Exact-match (all 9 fields must match): bharataddress 48.5% (97/200) vs TinyBERT 1.0% (2/200). The exact-match gap is misleading because TinyBERT can never produce a district and can't reach state reliably without the pincode lookup, but the per-field F1 is the apples-to-apples view.
Where each model wins:
bharataddresswins decisively on pincode-derived fields (city,district,state,pincode) because the embedded India Post directory turns these into a lookup, not a prediction. It also handleslandmarkbetter thanks to theNear/Opp/Behind/Besidecue list.TinyBERTis essentially tied onbuilding_number,building_name, andsub_locality— fields where context matters more than vocabulary.- Neither model is good at
sub_localityyet (~0.47) — both struggle to disambiguate "MG Road" (sub_locality) from "Indiranagar" (locality) when the input is sparse.
Footprint comparison:
| bharataddress v0.1.2 | TinyBERT NER | |
|---|---|---|
| Install size | ~5 MB (incl. 23k pincodes) | ~760 MB |
| Runtime dependencies | none | torch, transformers (~2 GB) |
| First-call latency | ~5 ms | ~150 ms (CPU) |
| Network calls during parse | zero (enforced) | zero (after download) |
| GPU required | no | no, but recommended |
| Pincode → district/state | yes (lookup) | no |
For high-throughput pipelines, batch geocoding, or any environment where dropping a 760 MB model is a non-starter (serverless, mobile, edge), bharataddress is the better fit. For free-form addresses where you don't have a pincode at all, TinyBERT's text-only approach is competitive on the structural fields.

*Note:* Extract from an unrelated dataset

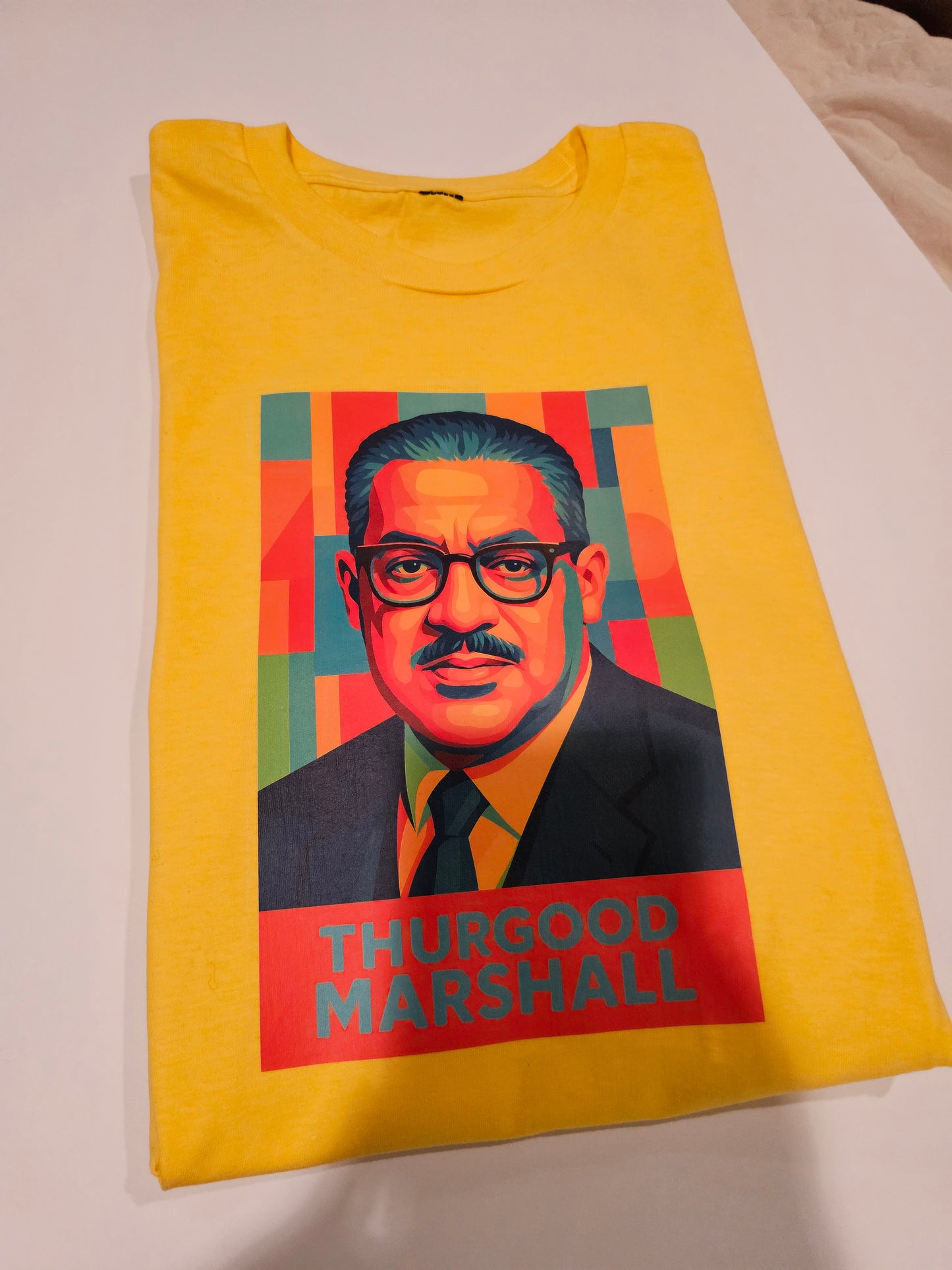 Thurgood Marshall T-Shirt – The Honors Series 🔥Limited Edition Collectible!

- v0.2 — Opt-in Claude API parser for the messy 20% • phonetic fuzzy matching • Nominatim geocoding • Devanagari preprocessing
- v0.3 — Pincode boundary GeoJSON • spatial validation • FastAPI server • Docker
- v0.4 — Distilled local model trained on Claude-generated parses (eliminates LLM cost at scale)
The moat is the data, not the parser. Every paid-tier user who corrects an address makes the dataset better. Free core (this package, MIT) + paid layer for continuously updated, validated locality and boundary data.
Issues and PRs welcome. The most useful contributions for v0.1:
- Failing addresses — open an issue with a real-world string the parser mangles
- Vernacular mappings — add to
bharataddress/data/vernacular_mappings.json - Test cases — add to
tests/test_parse.py
MIT. Use it for anything. The data sources (India Post directory) are public domain via data.gov.in.